- EDITOR’S CHOICE
- 1969 · 22 tracks · 1 hr 40 min
Salome
A baleful moon shines down on the scene of Richard Strauss’ one-act opera Salome (1905), and from the very first sounds—silken, slithering, glowing with weird new harmonies—we’re in a strange and unsettling new musical world. Strauss had written two operas before he came to adapt Oscar Wilde’s biblical drama, but something about the play’s lush imagery and decadent atmosphere ignited his imagination. The result was his first great operatic hit, a masterpiece so scandalous that it was banned in some countries (for blasphemy and obscenity), but which nonetheless redefined what was possible on the 20th-century stage. The scene is ancient Judaea, before the birth of Christ, where the spoiled and sensuous Princess Salome lives in the palace of her mother, Herodias, and her lustful stepfather, the Tetrarch Herod.
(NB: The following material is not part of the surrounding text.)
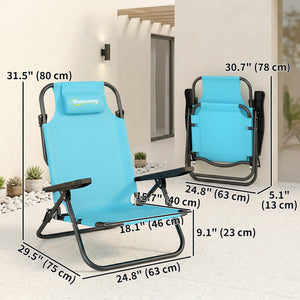 Set of 2 beach chairs, foldable and adjustable in 5 positions, with headrest and armrests, light blue.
Their servants watch on in longing and dread, and from the cistern below the palace comes the ominous voice of the imprisoned prophet Jokanaan, who foretells the coming of a Messiah—but in doing so awakens the full power of Salome’s sexuality. Strauss tells the story with Wagnerian voices and a huge orchestra, whose iridescent colours change by the second: a parable of lust, violence and forbidden desires, in which the famous orchestral “Dance of the Seven Veils” is only one of a series of ever more shocking—and thrilling—climaxes.